§ Work task:
Set down the records again. Every word and mark must match exactly.

§ Provided information:
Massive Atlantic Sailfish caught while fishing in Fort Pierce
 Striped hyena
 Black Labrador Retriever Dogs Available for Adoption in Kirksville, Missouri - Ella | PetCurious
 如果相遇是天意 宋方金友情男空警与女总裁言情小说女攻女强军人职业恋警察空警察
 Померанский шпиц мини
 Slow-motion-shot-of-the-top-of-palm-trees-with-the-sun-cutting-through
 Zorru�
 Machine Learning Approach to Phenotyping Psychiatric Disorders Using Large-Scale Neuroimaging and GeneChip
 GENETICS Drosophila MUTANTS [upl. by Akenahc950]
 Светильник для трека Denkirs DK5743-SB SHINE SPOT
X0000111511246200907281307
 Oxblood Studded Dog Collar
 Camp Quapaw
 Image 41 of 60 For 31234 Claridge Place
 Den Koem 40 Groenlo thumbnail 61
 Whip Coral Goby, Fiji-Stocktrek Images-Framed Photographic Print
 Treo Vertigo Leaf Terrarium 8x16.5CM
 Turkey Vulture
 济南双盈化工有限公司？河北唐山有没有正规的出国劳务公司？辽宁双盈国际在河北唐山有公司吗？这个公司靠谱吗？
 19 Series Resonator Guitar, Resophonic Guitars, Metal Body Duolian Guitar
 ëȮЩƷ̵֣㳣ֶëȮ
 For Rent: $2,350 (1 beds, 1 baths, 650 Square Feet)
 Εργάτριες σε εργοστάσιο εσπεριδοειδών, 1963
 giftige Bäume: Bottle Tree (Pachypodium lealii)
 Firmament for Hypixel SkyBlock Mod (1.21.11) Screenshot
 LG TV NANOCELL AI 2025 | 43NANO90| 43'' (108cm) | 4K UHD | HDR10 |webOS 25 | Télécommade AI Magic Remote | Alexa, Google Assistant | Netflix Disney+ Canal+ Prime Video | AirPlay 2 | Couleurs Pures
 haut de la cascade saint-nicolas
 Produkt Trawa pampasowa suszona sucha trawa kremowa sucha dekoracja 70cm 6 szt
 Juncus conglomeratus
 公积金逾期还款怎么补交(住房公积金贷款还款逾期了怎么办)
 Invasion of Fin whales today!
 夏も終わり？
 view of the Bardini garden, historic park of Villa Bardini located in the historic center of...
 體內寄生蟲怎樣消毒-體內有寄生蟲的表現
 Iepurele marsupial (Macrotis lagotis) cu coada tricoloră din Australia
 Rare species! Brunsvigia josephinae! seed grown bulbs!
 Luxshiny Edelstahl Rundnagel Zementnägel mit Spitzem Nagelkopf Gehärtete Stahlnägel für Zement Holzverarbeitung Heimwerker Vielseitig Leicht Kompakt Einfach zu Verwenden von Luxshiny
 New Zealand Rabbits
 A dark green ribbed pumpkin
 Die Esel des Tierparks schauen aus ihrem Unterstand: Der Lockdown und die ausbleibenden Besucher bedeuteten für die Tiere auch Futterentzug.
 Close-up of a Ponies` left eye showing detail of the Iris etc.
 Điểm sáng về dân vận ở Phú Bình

§ Response to this task:
Massive Atlantic Sailfish caught while fishing in Fort Pierce
 Striped hyena
 Black Labrador Retriever Dogs Available for Adoption in Kirksville, Missouri - Ella | PetCurious
 如果相遇是天意 宋方金友情男空警与女总裁言情小说女攻女强军人职业恋警察空警察
 Померанский шпиц мини
 Slow-motion-shot-of-the-top-of-palm-trees-with-the-sun-cutting-through
 Zorru�
 Machine Learning Approach to Phenotyping Psychiatric Disorders Using Large-Scale Neuroimaging and GeneChip
 GENETICS Drosophila MUTANTS [upl. by Akenahc950]
 Светильник для трека Denkirs DK5743-SB SHINE SPOT
X0000111511246200907281307
 Oxblood Studded Dog Collar
 Camp Quapaw
 Image 41 of 60 For 31234 Claridge Place
 Den Koem 40 Groenlo thumbnail 61
 Whip Coral Goby, Fiji-Stocktrek Images-Framed Photographic Print
 Treo Vertigo Leaf Terrarium 8x16.5CM
 Turkey Vulture
 济南双盈化工有限公司？河北唐山有没有正规的出国劳务公司？辽宁双盈国际在河北唐山有公司吗？这个公司靠谱吗？
 19 Series Resonator Guitar, Resophonic Guitars, Metal Body Duolian Guitar
 ëȮЩƷ̵֣㳣ֶëȮ
 For Rent: $2,350 (1 beds, 1 baths, 650 Square Feet)
 Εργάτριες σε εργοστάσιο εσπεριδοειδών, 1963
 giftige Bäume: Bottle Tree (Pachypodium lealii)
 Firmament for Hypixel SkyBlock Mod (1.21.11) Screenshot
 LG TV NANOCELL AI 2025 | 43NANO90| 43'' (108cm) | 4K UHD | HDR10 |webOS 25 | Télécommade AI Magic Remote | Alexa, Google Assistant | Netflix Disney+ Canal+ Prime Video | AirPlay 2 | Couleurs Pures
 haut de la cascade saint-nicolas
 Produkt Trawa pampasowa suszona sucha trawa kremowa sucha dekoracja 70cm 6 szt
 Juncus conglomeratus
 公积金逾期还款怎么补交(住房公积金贷款还款逾期了怎么办)
 Invasion of Fin whales today!
 夏も終わり？
 view of the Bardini garden, historic park of Villa Bardini located in the historic center of...
 體內寄生蟲怎樣消毒-體內有寄生蟲的表現
 Iepurele marsupial (Macrotis lagotis) cu coada tricoloră din Australia
 Rare species! Brunsvigia josephinae! seed grown bulbs!
 Luxshiny Edelstahl Rundnagel Zementnägel mit Spitzem Nagelkopf Gehärtete Stahlnägel für Zement Holzverarbeitung Heimwerker Vielseitig Leicht Kompakt Einfach zu Verwenden von Luxshiny
 New Zealand Rabbits
 A dark green ribbed pumpkin
 Die Esel des Tierparks schauen aus ihrem Unterstand: Der Lockdown und die ausbleibenden Besucher bedeuteten für die Tiere auch Futterentzug.
 Close-up of a Ponies` left eye showing detail of the Iris etc.
 Điểm sáng về dân vận ở Phú Bình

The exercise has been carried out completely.